General optimization problem

A modern formulation of RGCCA is:

\[ \max_{\mathbf{w}_1,\ldots,\mathbf{w}_L} \sum_{k,l=1}^L c_{kl} \, g\!\left(\frac{1}{n} \mathbf{w}_k^\top \mathbf{X}_k^\top \mathbf{X}_l \mathbf{w}_l\right) \quad \text{subject to} \quad \mathbf{w}_l^\top \mathbf{M}_l \mathbf{w}_l = 1, \; l=1,\ldots,L. \]

Here:

  • \(g\) is a convex differentiable scheme function,
  • \(\mathbf{M}_l\) is a positive definite matrix defining the constraint for block \(l\).

This formulation is convenient because many multiblock methods become special cases for suitable choices of \((g, \mathbf{M}_l, C)\).

Original regularized RGCCA formulation with \(\tau_l\)
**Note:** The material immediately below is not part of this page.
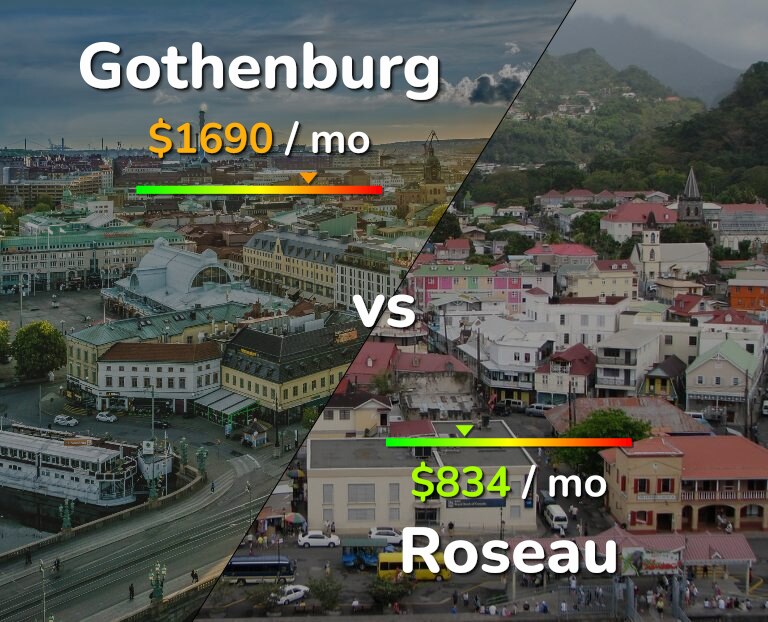 Cost of living in Gothenburg vs Roseau infographic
In the original paper, the block constraint is written with a shrinkage parameter \(\tau_l \in [0,1]\):

\[ \max_{\mathbf{w}_1,\ldots,\mathbf{w}_L} \sum_{k,l=1}^L c_{kl} \, g\!\left(\operatorname{Cov}(\mathbf{X}_k \mathbf{w}_k, \mathbf{X}_l \mathbf{w}_l)\right) \]

subject to

\[ \tau_l \|\mathbf{w}_l\|_2^2 + (1-\tau_l)\operatorname{Var}(\mathbf{X}_l \mathbf{w}_l) = 1, \qquad l=1,\ldots,L. \]

Since

\[ \operatorname{Var}(\mathbf{X}_l \mathbf{w}_l) = \frac{1}{n} \mathbf{w}_l^\top \mathbf{X}_l^\top \mathbf{X}_l \mathbf{w}_l, \]

the constraint is equivalent to

\[ \mathbf{w}_l^\top \left[ \tau_l \mathbf{I}_{p_l} + (1-\tau_l)\frac{1}{n}\mathbf{X}_l^\top \mathbf{X}_l \right] \mathbf{w}_l = 1. \]

Hence the link with the previous formulation is

\[ \mathbf{M}_l = \tau_l \mathbf{I}_{p_l} + (1-\tau_l)\frac{1}{n}\mathbf{X}_l^\top \mathbf{X}_l. \]

Meaning of the design matrix \(C\)

The matrix \(C\) determines which block relationships are explicitly optimized.

  • If \(c_{kl}=0\), the pair \((k,l)\) does not contribute to the criterion.
  • If \(c_{kl}>0\), the corresponding block components are encouraged to be associated.
  • In most applications, \(c_{kl}\in\{0,1\}\).

So RGCCA is not restricted to a complete graph: one can impose a chain, a star, a supervised graph, or any other symmetric connectivity pattern.

Meaning of the scheme function \(g\)

The usual choices are:

Horst scheme

\[ g(x)=x \]

This leads to maximizing a sum of covariances.

Centroid scheme

\[ g(x)=|x| \]

This leads to maximizing a sum of absolute covariances.

Factorial scheme

\[ g(x)=x^2 \]

This leads to maximizing a sum of squared covariances.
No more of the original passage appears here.